Portrait of James Purnell
  • Written byJames Purnell
  • Published date 22 April 2021
Portrait of James Purnell
James Purnell. Image courtesy of BBC

On 21 April 2021, UAL pledged that 30% of our staff will be people of colour within three years. This will apply to our workforce overall and, crucially, to every college and department. I want to describe how we selected that target and how we propose to implement it, for the benefit of anyone else who is reviewing their targets.

UAL’s core idea is that creativity is essential to solving the world’s problems. So it’s essential that we are able to understand the world from different perspectives. The 30% target means that our workforce will look like our student body – certainly for the first time since we became a university in 2004 and perhaps longer.

A diverse workforce has a different creative response

This is about basic fairness. But it’s also about effectiveness: there’s plenty of evidence that a diverse workforce does better quality work. By becoming more diverse, our creative response is likely to be different, better, and also more resilient.

Most public sector organisations have diversity targets, as do many companies in the private sector. But there’s surprisingly little public guidance on how to select and implement your target. So I want to provide some insight on what went into the target and our general philosophy for implementing it.

The first stage was to establish our baseline. We are fortunate to have good data on the demographics of our permanent staff, and know that our overall ethnic diversity stands at 23%. But there is significant variation between different parts of UAL – for example, academic staff diversity is much lower than for our professional services staff. Our first goal for the target was that it should incentivise all parts of the university to act.

Selecting an appropriate target is complex

UAL faces a wide range of demographic reference points. We are a national institution based in one of the most diverse cities in the UK. And we are deeply invested, as the flagship specialist university, in the creative industries – we pride ourselves in our industry links. And we needed to select a target that made sense in relation to our baseline.

We weighed these factors carefully. We might reasonably expect to reflect the population of the nation, of London, or of the specialist institutions that serve the creative industries. There’s a 34 percentage point difference between these different baselines, and there would be good arguments for selecting any of them.

In the end, though, a teaching university is designed to focus on the future, in the shape of our students. We realised our core goal was for our workforce to be at least as diverse as our students. Our current percentage of ethnic minority Home students is 28% and set to grow under our Access and Participation Plan.

And implementation requires freedom within a framework

Target-setting requires a combination of knowledge, ethics and bloody mindedness… because otherwise you end up in thrall to the status quo.

To my mind, there are two ways of going about it.

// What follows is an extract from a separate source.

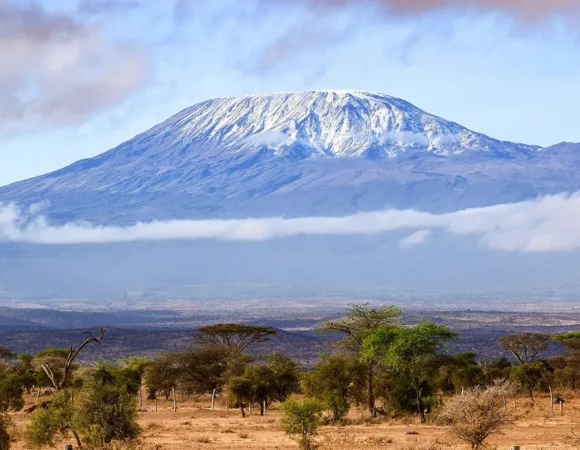6 Days Kilimanjaro Trekking via Rongai Route.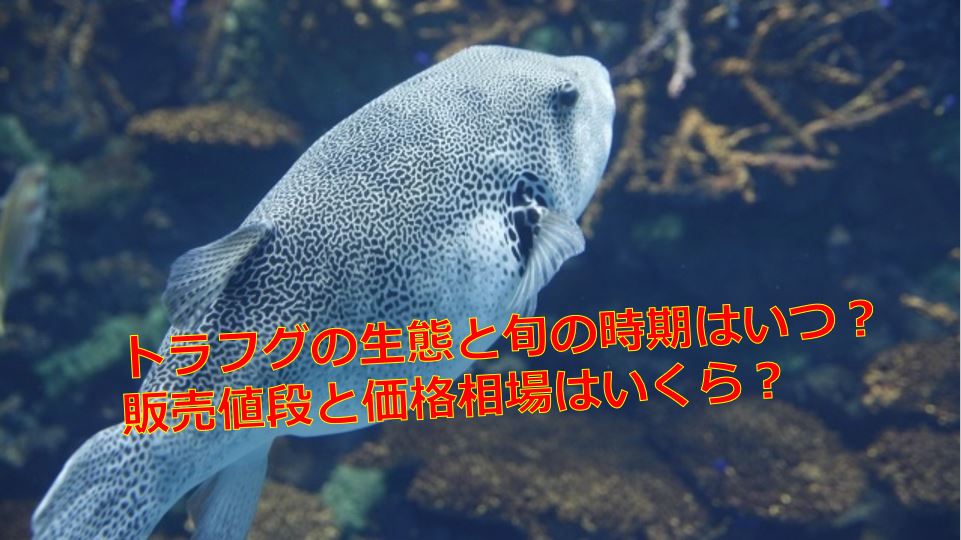 トラフグの生態と旬の時期はいつ 販売値段と価格相場はいくら 海鮮アクアリウム 海の生き物 魚介料理を楽しむためのブログ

You can do a lot of the work upfront through a classic project management approach, understanding baselines and nuancing plans. We considered setting different targets for each area and specifying from the centre how they were to be achieved. But this would mean trying to do people’s work for them, which is the classic trap of central management in a knowledge organisation.

The other approach is what I like to call freedom within a framework – set the overall goal but then trust your teams to work out how to get there.  This approach rewards innovation, and provides the psychological safety for experiment and risk.  Most of all, it places the power to act where the information is – teams will know best the situation they face and what to do about it.

Thirty percent is a demanding target but one we’re confident we can achieve. We have set the same target for individual colleges and directorates as we have for the whole university. Meeting the target will place us above the current average for universities in London and put us in the top handful of universities in terms of diversity.

I grew up in France, and went to a state school that was also an international school.  The students came from all over the world, and the conversations were enriched by our diversity.  But this was the 1980s and my school mates were entirely white – and the same was true of nearly all my work experience in the last three decades.

In BBC Radio, I made it my mission to have a more diverse leadership team – as a basic matter of fairness, but also effectiveness.  Once we got there, it transformed how well we worked.  Of course, that was visible around issues of race and diversity – the conversations were more confident, more insightful, more nuanced. I hope our actions benefited as a consequence.  But it was also tangible across the board – a diverse team is a more effective team.

UAL starts with a more diverse workforce but that means we have an opportunity to pioneer and lead, and I can’t wait to see how our colleagues achieve that.